__Problem description__
Set down the listing exactly as given, minus images.

__Information provided__
##########

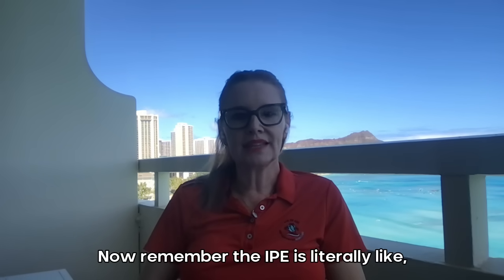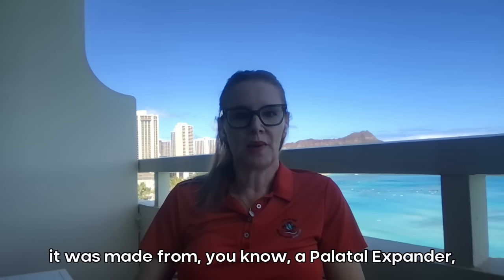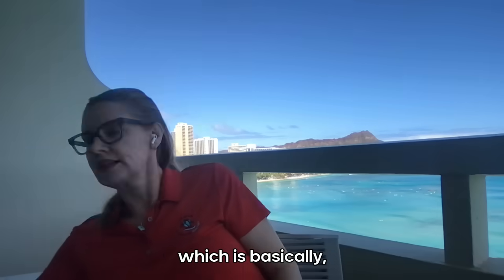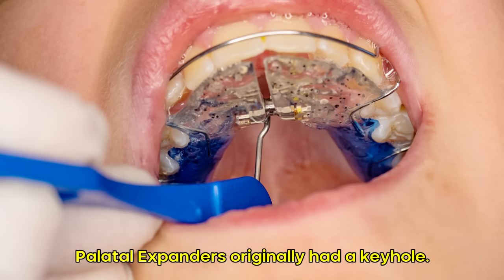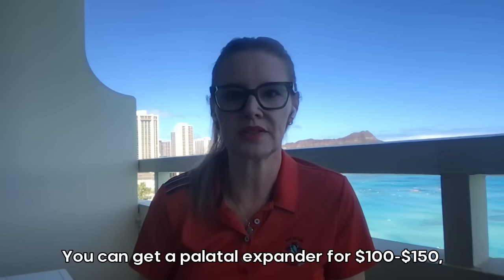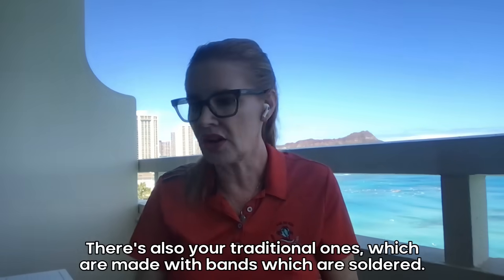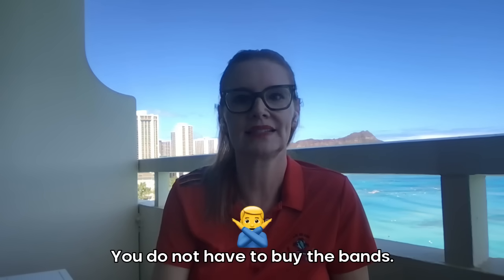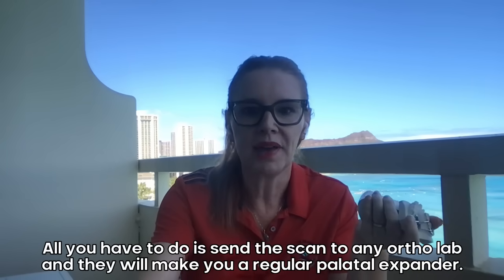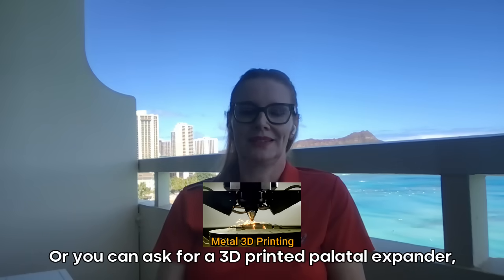Now remember, the IPE is literally made from a palatal expander — a regular palatal expander, which is basically this. Palatal expanders originally had a keyhole. We still have those. They're very cheap — you can get a palatal expander for $100 to $150, maybe a little bit more if you want 3D printed. There's also your traditional ones, which are made with bands that are soldered. You do not have to buy the bands. All you have to do is send the scan to any ortholab and they will make you a regular palatal expander.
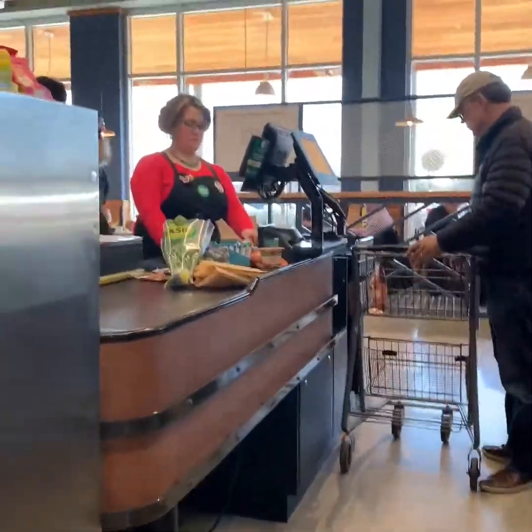All right, about to check out. Gotta have the shoes. That's the Whole Foods experience. Let's go home and make some great, wonderful soups.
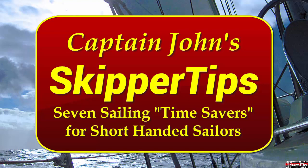Hello again, this is Captain John with another one of my video tips of the week. In today's video tip, I'm going to show you seven ways to make life easier when short or single-handed sailing.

##########

__Solution for this problem__
Now remember, the IPE is literally made from a palatal expander — a regular palatal expander, which is basically this. Palatal expanders originally had a keyhole. We still have those. They're very cheap — you can get a palatal expander for $100 to $150, maybe a little bit more if you want 3D printed. There's also your traditional ones, which are made with bands that are soldered. You do not have to buy the bands. All you have to do is send the scan to any ortholab and they will make you a regular palatal expander.
All right, about to check out. Gotta have the shoes. That's the Whole Foods experience. Let's go home and make some great, wonderful soups.
Hello again, this is Captain John with another one of my video tips of the week. In today's video tip, I'm going to show you seven ways to make life easier when short or single-handed sailing.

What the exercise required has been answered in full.